## Required work
Only the lines from the one that includes "Math Clock t-shirt" through the last line below belong in the reply, copied exactly and without pictures.

## Data below
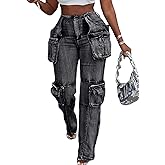 Women's Novelty Fashion Zip Side Slit High Waist Denim Jeans Pants with Multi Pockets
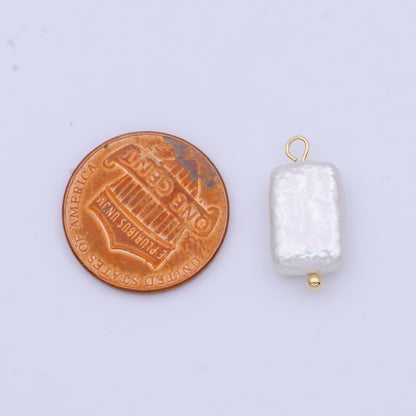 Rectangular Flat 18mm Natural White Freshwater Pearl Charm C-171
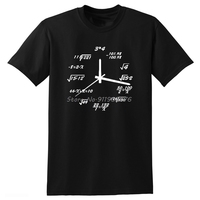 Math Clock t-shirt Man Cotton Top Quality Awesome Design Tees Printing Men Tshirt o-neck Comfortable Fabric Math T Shirts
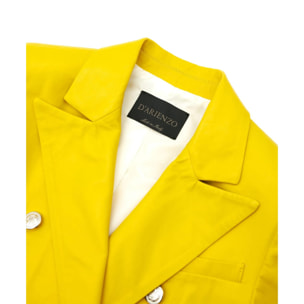 Giacca blazer doppio petto in pelle naturale gialla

## Task result
 Math Clock t-shirt Man Cotton Top Quality Awesome Design Tees Printing Men Tshirt o-neck Comfortable Fabric Math T Shirts
 Giacca blazer doppio petto in pelle naturale gialla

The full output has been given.